It was quite the journey.

For most of us, rewatching Friends is just a sort of pleasant trip down memory lane. We watch “The One With The Prom Video” or “The One Where Ross Gets High” and it’s almost like pleasant white noise, so familiar and comfortable. But imagine what it would be like watching it for the first time. With your teenage daughter, who was not alive during the ’90s. Talk about culture shock. A mom who rewatched Friends with her 14-year-old daughter experienced exactly that and she shared her experience in a Twitter thread that is its own form of entertainment.

Writer Rebecca Makkai tweeted about her experience of rewatching the iconic NBC sitcom with her 14-year-old daughter and very helpfully offered a list of all the key elements she had to explain by the second season: “Milk cartons used to have pictures of missing kids. Who Dudley Moore was. Who Joan Collins is. What pagers were, and how they worked. (I needed help from my husband on this one.) That you could see people off at the airport gate. That you could meet arrive people at the airport gate.”

How did we not realize how much the world has changed since Ross followed Rachel to the airport gate to tell her he loved her? Or Monica’s Dudley Moore haircut when she asked for a Demi Moore? Speaking of Demi Moore, the list most certainly did not stop there.

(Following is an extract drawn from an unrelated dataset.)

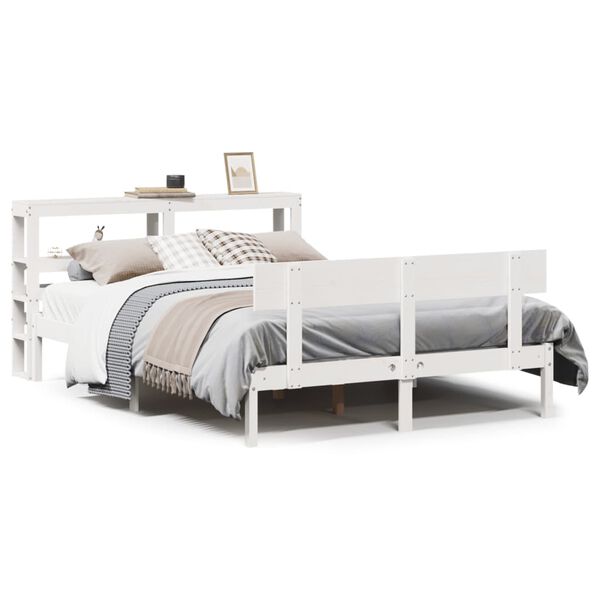 vidaXL Bedframe zonder matras massief grenenhout wit 120x190 cm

Makkai also had to explain, “The fact that if this apartment were real, it would be worth millions of dollars. What Bloomingdales is. Who Demi Moore is. That Eddie Moskowitz is a Jewish name.”

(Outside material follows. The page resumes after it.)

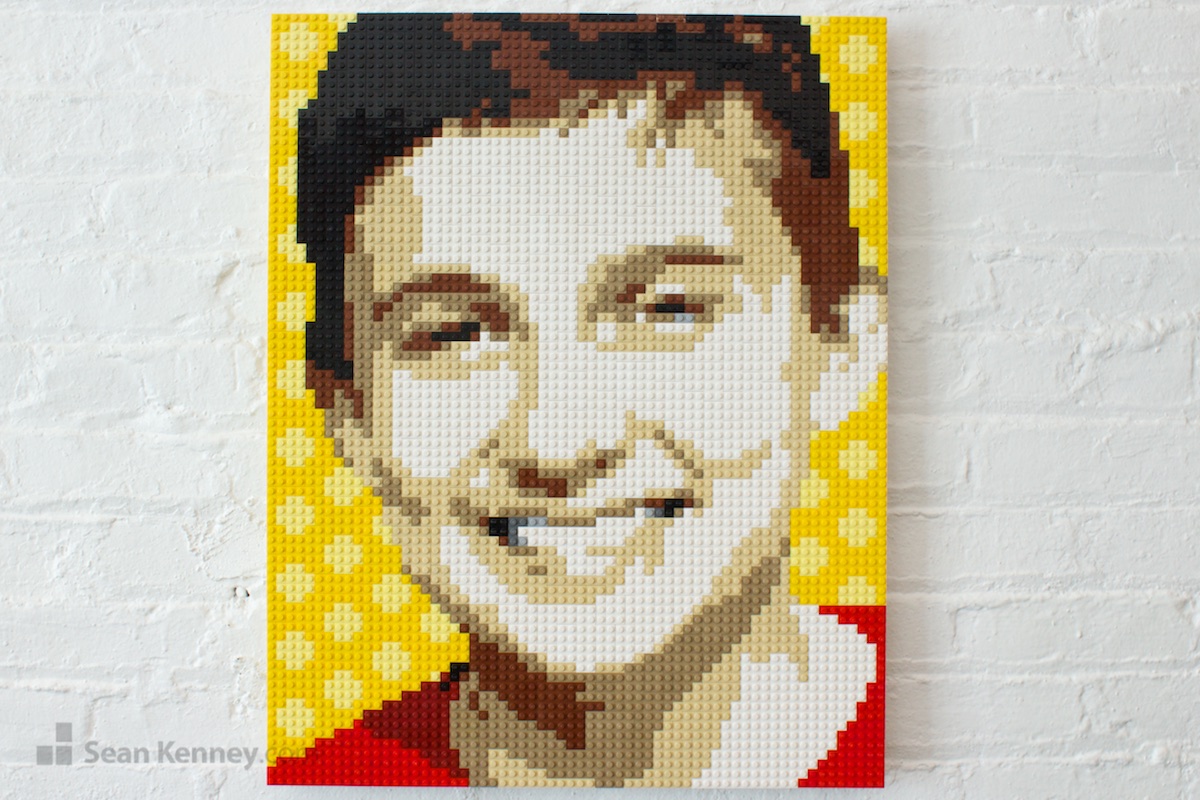 Boy-in-red-shirt LEGO art by Sean Kenney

While all of these elements of Friends were possible to explain, there was one rabbit hole Makkai went down that she simply could not explain. As she tweeted, “Chandler’s mother has sold over 100 million books. If we say that conservatively, she’s made 2 dollars a book, she’s worth 200mil. Chandler is an only child. She doesn’t seem to have cut him off. And yet he makes Joey pay for a table he broke.”

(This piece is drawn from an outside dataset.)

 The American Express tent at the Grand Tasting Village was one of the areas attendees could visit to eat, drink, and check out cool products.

The list continues on, with Makkai having to explain what a “great rack” was and the fact that we used to be forced to memorize phone numbers because we didn’t have cellphones. All of the explanations about the ’90s aside, however, she noted that rewatching old shows like Friends offer “some great side convos going on about changing times, but re: the benefit of the doubt thing above, jfc yes of course we’re talking about the homophobia and fat-shaming and whitewashing and sexism.”